I ran the same analysis for Scottish Association of Landlords and Professional Speaking Association. These two sites had the added advantage of being able to go back a little further with the hosting logs to provide a larger data set.

All three datasets show large differences between visitor numbers. Google Analytics is only capturing 20-80% of the visit numbers from the log analyses.

More crucially, the proportion of log file visits reported in Google Analytics is decreasing for all three sites. The sites with the highest percentage of log file visits in Google Analytics show the sharpest declines:

 

A proportion of log file visits recorded as Google Analytics sessions.

Note the downwards trend across three separate websites.

(The data points with ratios over 100% are due to Cloudflare caching. See notes for details).

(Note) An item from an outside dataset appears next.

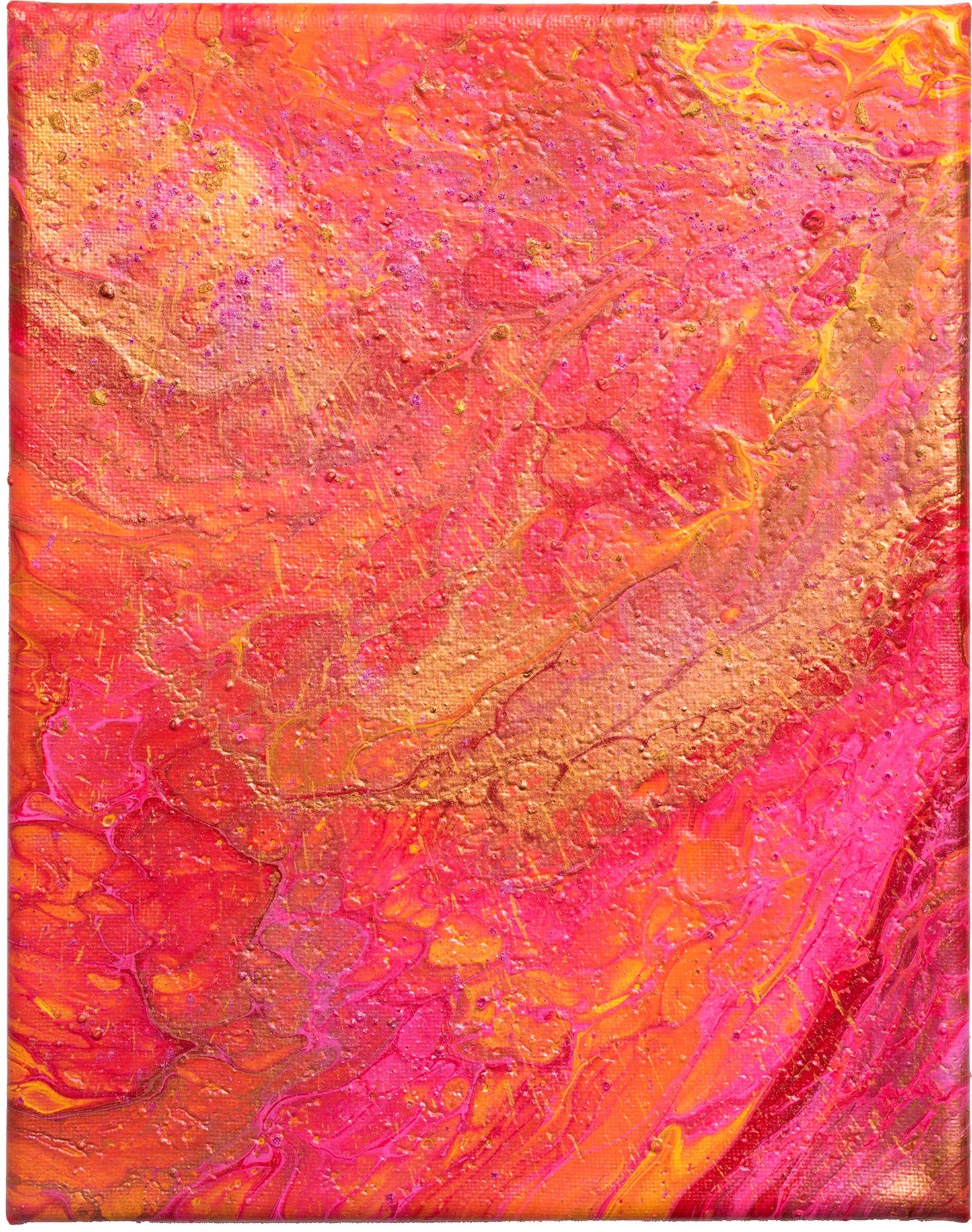 American Crafts Color Pour Pearl Powder Mix-in Kit 6/Pkg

Over the same time period, all three sites show strong growth in visits from the log file data while their corresponding Google Analytics data report visits as either static or in decline.

Possible causes

Incorrect data

We have to trust that data available from Google and WP Engine are accurate. There will always be an element of filtering and processing of these data.

I am working on the assumption that all such processing is applied consistently.

Ad blockers, privacy settings, and network filters

Google Analytics relies on the user’s browser to send data to it:

How Google Analytics works under normal circumstances

Clearly, if this information is not sent, their usage will not be tracked in Google Analytics.

Many ad blockers – whose purpose is to hide adverts on the websites you visit – also block tracking and analytics services, including Google Analytics.

Firefox even includes a tracking protection option without the need for any extensions. When enabled, this explicitly stops data being sent a huge list of services, including Google Analytics.

Visit data in server log files are not affected by the use of an ad blocker:

How ad blockers stop Google Analytics collecting data. Note how the log file data are not effected.

(Fun fact: the URL of this image initially included google-analytics, but was then blocked by my ad blocker!)

The use of ad blocking technology is difficult to quantify. Various reports from 2017 (the latest available) suggest ad blockers are used by between 11% and 58% of users.

What does this mean for your website?

Don’t blindly assume that just because some numbers are on a fancy dashboard they represent the truth.

We need to understand how the data is collected and any factors that may affect its accuracy.

Only then can we determine the appropriate level of trust to place in these data and use them effectively in our decision making.

Affected tools and datasets

It is not just Google Analytics data that are being under reported. Other third-party services that rely on the user’s browser to send them data can be affected by ad blockers. These include:

  • Remarketing code – used to target ads to people who have already visited your site. e.g. Google Ads remarketing tags and Facebook Pixel.
  • Marketing automation tools – used to manage marketing activity based on website interactions e.g. Drip, HubSpot, Pardot, Eloqua, ConvertKit, Infusionsoft
  • Content personalization and split-testing tools – used to adjust website content based on user data and/or to test content variations e.g. OptinMonster, RightMessage, Optimizely
  • Other web analytics tools – e.g. Mixpanel, Piwik, Segment, New Relic, CrazyEgg, Hotjar
  • All code managed through Google Tag Manager

None of these tools should ever be considered completely accurate. There are many reasons why they don’t work all the time: e.g. dropped connections; users having Javascript disabled; someone using multiple browsers/devices; navigating to a new page before the code has executed. This has always been the case.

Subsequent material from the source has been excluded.